On the way to Dealey Plaza, where America's 35th president was slain, there is nothing to note the 50th anniversary of the city's darkest moment. In contrast, the plaza – next to the Texas Book Depository from where Lee Harvey Oswald is said to have shot Kennedy – is overrun with tourists and reporters collecting stories from eyewitnesses and others recalling where they were at that epochal moment.
Media trucks and tents surround the plaza for today's 50th anniversary as construction workers tear up Elm Street and the macabre white crosses that marked where Kennedy was hit by two bullets, the second the fatal head shot captured so brutally on the movie camera of Abraham Zapruder.
Conspiracy theorists occupy the famous grassy knoll at the fence where, they contend, a second gunman once stood. They peddle books and theories about how Oswald did not act alone.
‘A lot of shame’
Kennedy’s death has created an assassination industry. For many locals, it’s a business they wish Dallas didn’t have.
“There’s a lot of shame that it happened here,” said retired Dallas police sergeant Robert Rowe who was among the officers who arrested Oswald 50 years ago today. Mike Brownlow, who as a 13-year-old saw the car pass opposite the depository, said people in Dallas feel the same sadness they felt in 1963.
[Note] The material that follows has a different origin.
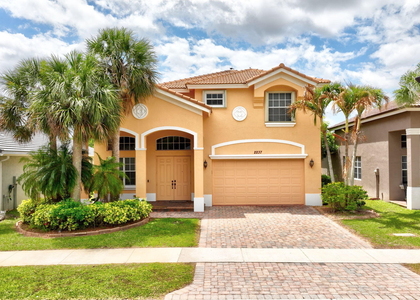 2237 Sw Newport Isles Boulevar - Photo 1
Others have found visits to this plaza cathartic. Racked by guilt, Clint Hill, the bodyguard who jumped on to Kennedy’s car when the first shot rang out, returned for the first time in 1990 to see if he could have stopped Oswald. “I checked all the angles . . . I finally came to the conclusion he had all the advantages that day; we didn’t have any,” he told an interviewer this week. “I did everything I could.”